▸ **REQUIREMENT**: Instruction for the entries that follow: retype exactly the lines from the line with "Oben 20 Fig" to the line with "Australasian Grebe - ML622948211", both included, and omit all others.

Short web captions
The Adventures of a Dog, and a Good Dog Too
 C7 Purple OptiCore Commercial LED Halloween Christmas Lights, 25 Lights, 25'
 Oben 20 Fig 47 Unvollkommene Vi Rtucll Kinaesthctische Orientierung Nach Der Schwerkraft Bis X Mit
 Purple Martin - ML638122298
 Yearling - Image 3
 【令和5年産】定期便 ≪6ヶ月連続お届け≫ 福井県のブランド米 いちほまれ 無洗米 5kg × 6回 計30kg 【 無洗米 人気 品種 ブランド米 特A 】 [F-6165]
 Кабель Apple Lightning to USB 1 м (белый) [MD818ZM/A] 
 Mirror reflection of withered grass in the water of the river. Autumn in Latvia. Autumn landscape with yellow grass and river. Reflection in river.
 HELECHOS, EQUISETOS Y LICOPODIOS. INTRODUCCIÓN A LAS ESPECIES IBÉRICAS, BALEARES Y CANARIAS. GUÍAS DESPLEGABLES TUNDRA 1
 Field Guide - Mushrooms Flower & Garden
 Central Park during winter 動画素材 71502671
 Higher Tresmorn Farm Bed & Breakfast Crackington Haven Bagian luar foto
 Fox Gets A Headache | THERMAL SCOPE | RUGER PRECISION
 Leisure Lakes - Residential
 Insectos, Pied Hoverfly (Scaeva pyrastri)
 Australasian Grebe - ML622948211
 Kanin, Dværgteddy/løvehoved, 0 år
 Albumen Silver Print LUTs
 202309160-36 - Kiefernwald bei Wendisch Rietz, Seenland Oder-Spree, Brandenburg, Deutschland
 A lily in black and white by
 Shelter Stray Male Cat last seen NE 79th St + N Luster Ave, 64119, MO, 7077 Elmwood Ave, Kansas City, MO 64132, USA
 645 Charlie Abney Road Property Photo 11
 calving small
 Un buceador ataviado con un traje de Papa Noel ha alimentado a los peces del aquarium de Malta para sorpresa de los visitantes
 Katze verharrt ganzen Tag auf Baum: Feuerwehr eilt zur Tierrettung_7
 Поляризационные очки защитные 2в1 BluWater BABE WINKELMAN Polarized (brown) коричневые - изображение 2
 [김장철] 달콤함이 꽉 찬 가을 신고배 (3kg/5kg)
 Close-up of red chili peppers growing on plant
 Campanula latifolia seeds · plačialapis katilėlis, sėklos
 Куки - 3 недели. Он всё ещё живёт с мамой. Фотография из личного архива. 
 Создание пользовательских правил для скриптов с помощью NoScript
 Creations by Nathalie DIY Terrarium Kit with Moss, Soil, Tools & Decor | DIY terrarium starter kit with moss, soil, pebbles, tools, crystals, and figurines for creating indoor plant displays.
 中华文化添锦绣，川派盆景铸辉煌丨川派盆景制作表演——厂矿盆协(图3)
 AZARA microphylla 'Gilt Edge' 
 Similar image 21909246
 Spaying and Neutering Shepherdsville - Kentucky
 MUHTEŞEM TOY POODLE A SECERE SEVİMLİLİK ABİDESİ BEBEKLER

▸ **EXERCISE RESPONSE**:
 Oben 20 Fig 47 Unvollkommene Vi Rtucll Kinaesthctische Orientierung Nach Der Schwerkraft Bis X Mit
 Purple Martin - ML638122298
 Yearling - Image 3
 【令和5年産】定期便 ≪6ヶ月連続お届け≫ 福井県のブランド米 いちほまれ 無洗米 5kg × 6回 計30kg 【 無洗米 人気 品種 ブランド米 特A 】 [F-6165]
 Кабель Apple Lightning to USB 1 м (белый) [MD818ZM/A] 
 Mirror reflection of withered grass in the water of the river. Autumn in Latvia. Autumn landscape with yellow grass and river. Reflection in river.
 HELECHOS, EQUISETOS Y LICOPODIOS. INTRODUCCIÓN A LAS ESPECIES IBÉRICAS, BALEARES Y CANARIAS. GUÍAS DESPLEGABLES TUNDRA 1
 Field Guide - Mushrooms Flower & Garden
 Central Park during winter 動画素材 71502671
 Higher Tresmorn Farm Bed & Breakfast Crackington Haven Bagian luar foto
 Fox Gets A Headache | THERMAL SCOPE | RUGER PRECISION
 Leisure Lakes - Residential
 Insectos, Pied Hoverfly (Scaeva pyrastri)
 Australasian Grebe - ML622948211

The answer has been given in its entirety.